Cardinal Timothy Dolan celebrated the late former Mayor Ed Koch as a Jewish New Yorker who considered Catholics a "glue" that held the city together.
The head of the city's Roman Catholic archdiocese remembered Koch during a Sunday Mass at St. Patrick's Cathedral. The former mayor died of congestive heart failure in February at 88.
Speaking from the pulpit, the cardinal told worshippers that he had been "looking for a good way for the Catholic community of New York to thank God for the gift that he was."
Koch's family and friends were invited to the Mass — one that Koch often attended going back to the 1980s, sitting in a front pew. He and then Cardinal John O'Connor had become good friends, sharing meals and writing a book together titled "His Eminence and Hizzoner."

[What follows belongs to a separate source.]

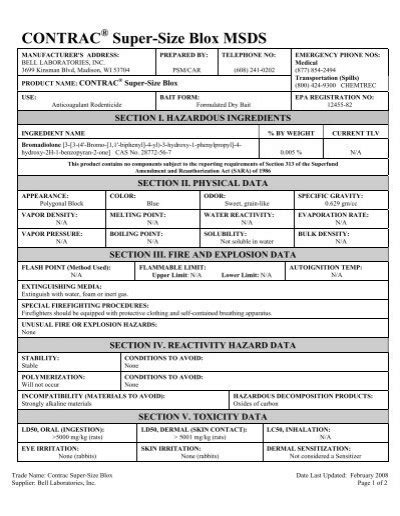 CONTRAC Super-Size Blox MSDS - Bell Laboratories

Koch's longtime law partner, Jim Gill, told The Associated Press that he had sent out invitations to the service he called a "private goodbye" from the former mayor's Catholic friends.

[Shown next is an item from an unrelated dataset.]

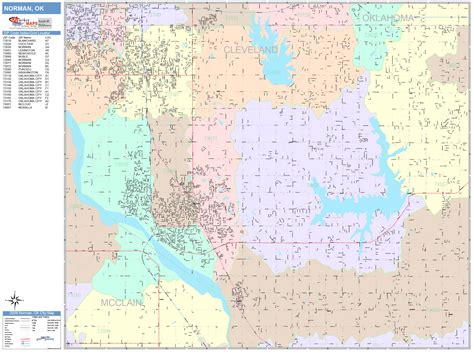 Norman Oklahoma Wall Map Color Cast Style By Marketmaps Mapsales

"He loved St. Patrick's Cathedral," Gill said. "He loved the Irish."
On Sunday, Dolan said that while Koch was proud of his Jewish faith, he also was a "great friend" of New York's Catholics. The cardinal said Koch told him, "you know, the Catholic Church is the glue that holds this New York community together, and all its parishes and schools and charities and outreach and community services."
If Koch were at the cathedral during the service, Dolan joked, he'd have looked up at the scaffolding that fills the interior of the edifice — for renovation work — and "he'd say, 'Oh, oh, the cardinal is going to ask us for money.'"
In fact, an insert to Sunday's program did include a special petition for donations.
New York's most prominent Catholic then spoke of a moving moment involving Koch and the cathedral.
On Sept. 11, 2001, Dolan said his predecessor, Cardinal Edward Egan, remembers Koch showing up at St. Patrick's and joining anguished New Yorkers praying there.
Egan "saw Koch sobbing, and he said, 'I've lost so many friends today.'"
Dolan concluded: "We honor him, we miss him, we thank him. ... His was a great example of public service."
However, the cardinal added with a grin, "humility was not one of his virtues."